Ablative of Agent (2/2)

It’s critical to differentiate the Ablative of Instrument and Ablative of Agent.

  • Instrument uses [ablative]; Agent uses [ab/ā + ablative]

Exempla

  • He perished by the sword: gladiō occīsus est.
  • He was killed by the enemy: ab hoste occīsus est.
  • He was vexed with a problem: curā vexātus est.
  • He was haunted by the ghosts of his past: ab manibus priscīs vexātus est.

With the first example, the sword is the tool used to kill him, not the sentient agent committing the act. With the second example, the problem is the source of his worries, but the problem is not a sentient agent. The Ablative of Instrument has a sense of inanimate agency, but only the Ablative of Agent carries a sense of animate agency.

  • Animals tend to sit in the seam between these two options: sometimes they are instruments, sometimes agents. Look for ā/ab! This will not only help to make the silly distinction, but also help to show the kind of agency the author is attempting to associated with the ablative construction.

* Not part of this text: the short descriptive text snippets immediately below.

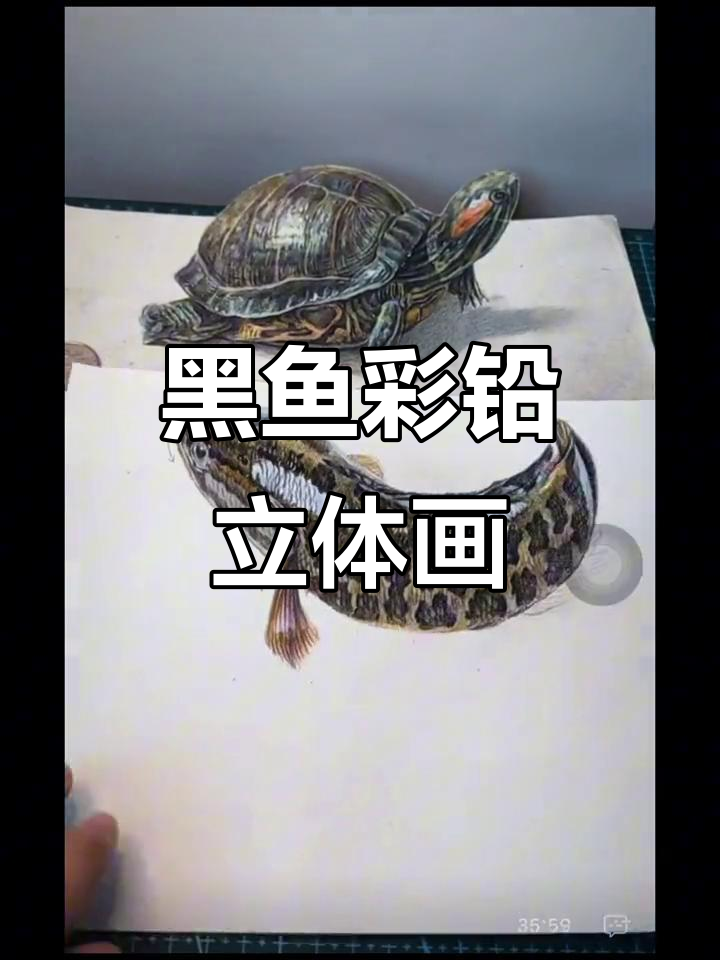 黑鱼彩铅3D立体画创作过程大揭秘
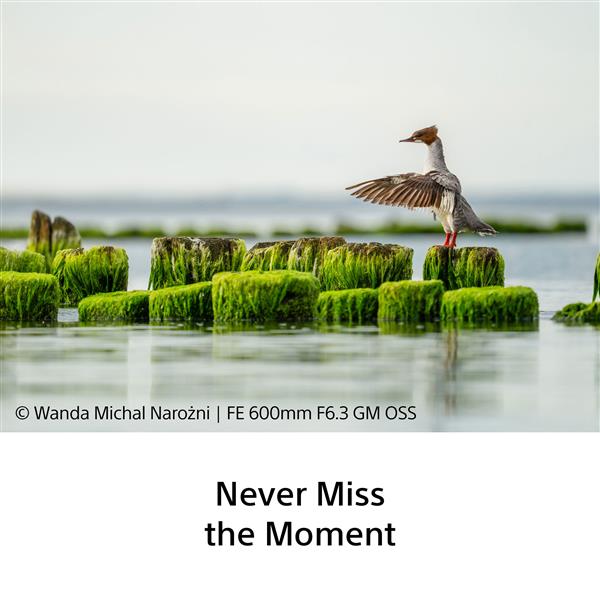 SONY 2 Product Image (Secondary Image 7)
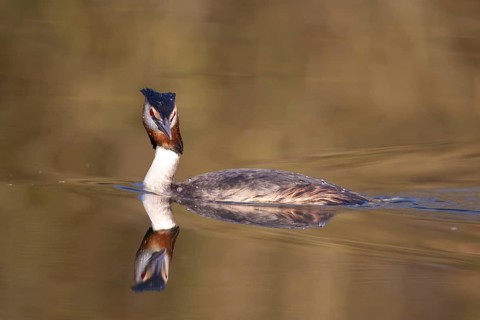 Great crested grebe (Podiceps cristatus) adult bird on a lake, England, United Kingdom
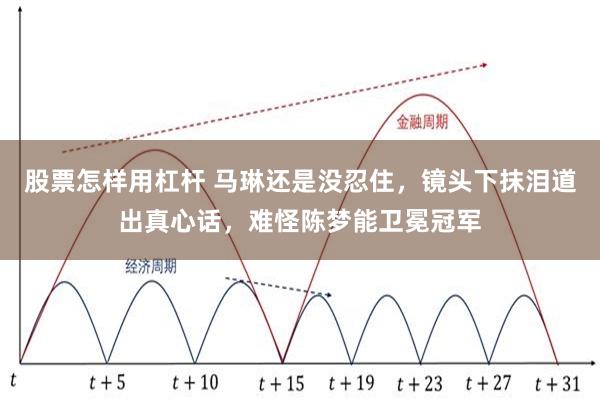 股票怎样用杠杆 马琳还是没忍住，镜头下抹泪道出真心话，难怪陈梦能卫冕冠军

For more on the Ablative of Instrument: http://wp.me/p2eimD-52

The Essential AG: 405n2; 405bn2

2 comments on “Ablative of Agent (2/2)

  1. Rob Groves says:

    Love the discussion–I just spoke with my students the other day about animals as interestingly in bewteen sentient and non-sentient, but there’s a problem with your Latin. “vexatur est” is an impossible form. My guess is you’ve accidentally blended vexatus est (perfect) with vexatur (present). Hope that helps!

  2. rsmease says:

    Silly typo; thanks Rob! Hope you’re enjoying your weekend.